Horizontal cuts produce different layers to the cake. If we want H layers to the cake, then we would need H-1 cuts. E.g 1 layer requires 0 cuts, 2 requires 1, 4 requires 3, etc.
Vertical cuts produce different slices to the cake. If we want C slices to the cake, then the number of cuts can be found using a conditional. If C is 1, then no cuts are required. If C slices are required, then the symmetry of the slices allows the number of cuts to be halved (c/2). Otherwise, it is c.

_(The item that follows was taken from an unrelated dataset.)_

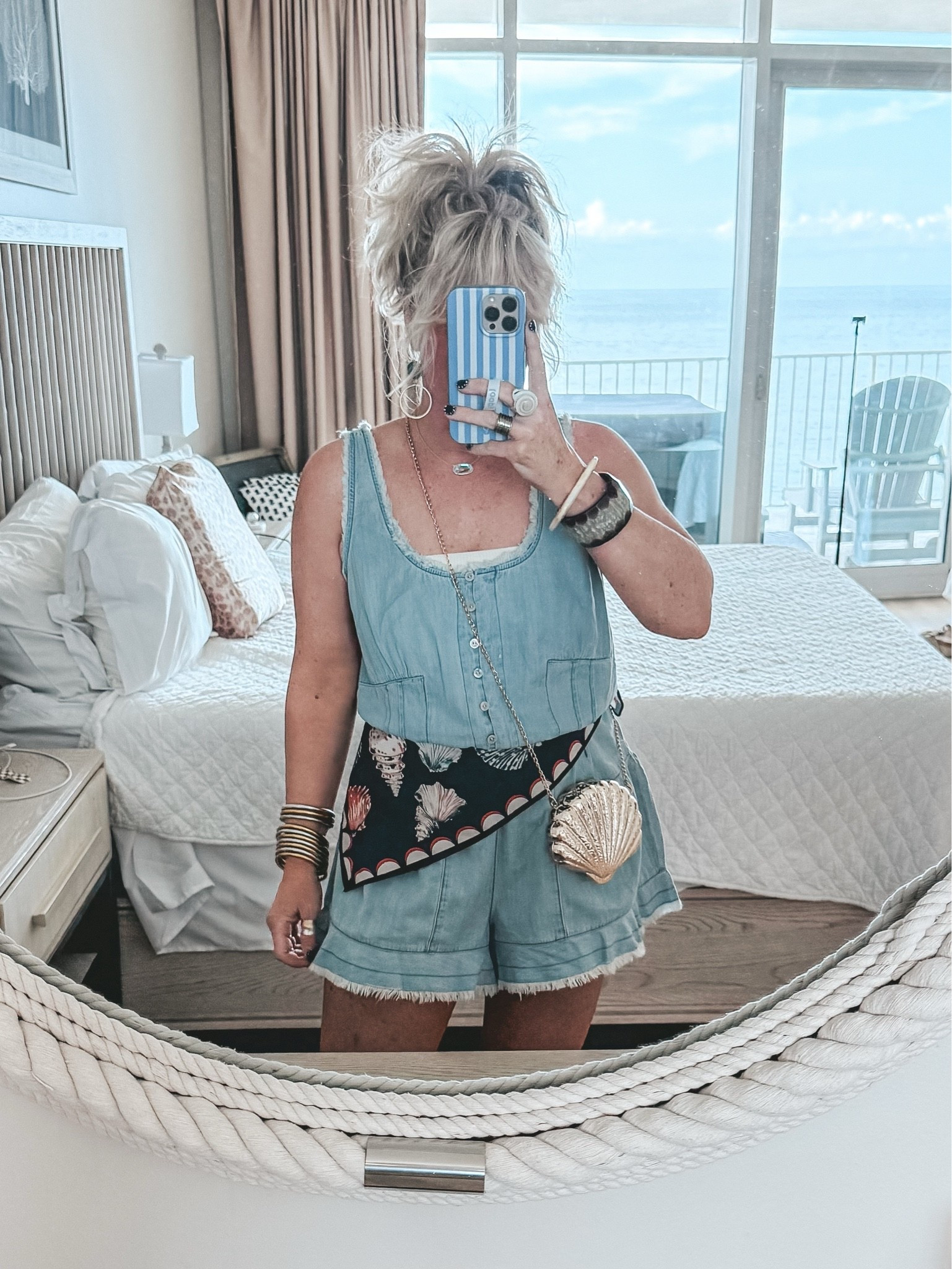 This romper is adorable and from @Walmart 💙 I’m in a size Medium and it fits but a little big up top. I added my ribbed bandeau top underneath and it was perfect! 
✨My scarf is from Anthropologie last year so I found some similar ones from there.

#LTKootd #LTKgrwm #LTKOver40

If you have some number of layers and slices, then the total number of pieces is HC. Since we want HC = N. We need to find factor pairs of N. This can be done by iterating i from 1 to sqrt(n).* if i is a factor of n, then (i,n/i) is a factor pair. Once we find the factor pair, we can calculate the number of cuts required if this was set as the target number of layers and slices, allowing us to calculate the number of cuts for every valid combination of layers and slices.
* sqrt(n) is allowed as at least one factor in a factor pari is less than or equal to sqrt(n)
#this function calculates the number of cuts to produce c slices.
def rotCuts(c):
if(c%2==0):
return c//2
elif(c==1):
return 0
return c
n = int(input())
ans = n-1 #answer set as upper bound
i = 1
while (i<=n and i<= int(n**0.5)): #i<=n exit condition set to avoid weirdness with low values of n.
if(n%i==0): # if i is a factor of n
a = i
b = n//i
ans = min(ans, rotCuts(a)+b-1,a+rotCuts(b)-1) #calculate number of cuts with A slices and B layers, or A layers and B slices
i+=1
print(ans)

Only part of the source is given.